## Math in Engineering## Mathematics and Architecture |

## How are the principles of ratio, proportion, and symmetry applied to architecture? |

The definition of a *ratio* is a comparison by division of two quantities expressed as the same unit measurement. For example, a building that is 200 feet wide and 100 feet tall has a ratio of 2:1 (200:100) between its width and height; it is also seen as the fraction ½. Such a relationship was understood as far back as ancient Greece and Rome, when people used mathematics to give structure and aesthetics to buildings. This is especially important in architecture, in which building design is based on complex mathematical ratios.

*Proportion* is an equation stating that two ratios are equal. Every proportion has four terms, with the first and fourth terms being the extremes; the second and third terms are called the means. In each proportion, the product of the means equals the product of the extremes. The Greeks and Romans often used proportions in their buildings and other structural designs. (The Roman architect Vitruvius was also instrumental in praising the virtues of proportion and symmetry in architecture; for more about Vitruvius, see above.) During the Renaissance, architects applied proportion (and other mathematical formulas) to produce aesthetically pleasing buildings— beauty that still holds true today.

Although there are other types of *symmetry,* the most common is line symmetry, in which a line divides an object, line, or other structure into two equal halves (an example in nature would be the wings of a butterfly).
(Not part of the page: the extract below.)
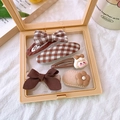 Set detallado de 5 pinzas para el cabello de tela marrón con lazos y flores en caja de regalo - Set 1-Tema Niña Juego de 5 Piezas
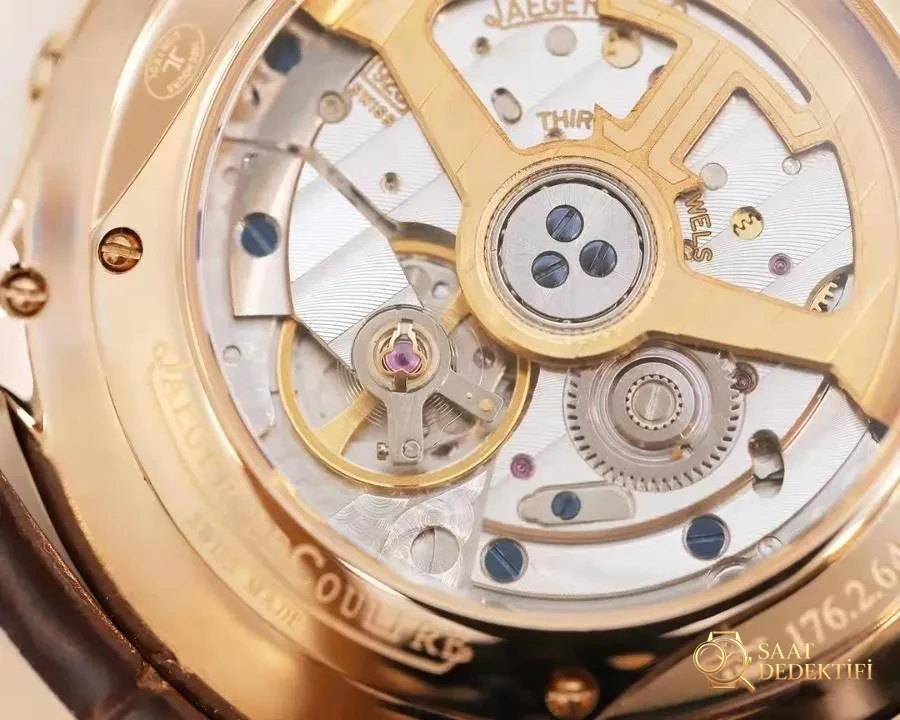 GF Factory Jaeger-LeCoultre Moon Phase 136255J (gri kadran) saat incelemesi - Fosfor ve Super-LumiNova Gece Görünümü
If a line of symmetry is drawn, each point on one side of the line has a corresponding point on the opposite side of the line. If you connect these two points, the line is perpendicular to the line of symmetry. There is a more mathematical way of defining symmetry: Two points are symmetric about a line if the line is the perpendicular bisector of the segment joining the two points. Symmetry was used by ancient (and modern) architects to maintain visual and sometimes structural balance of a building or structure.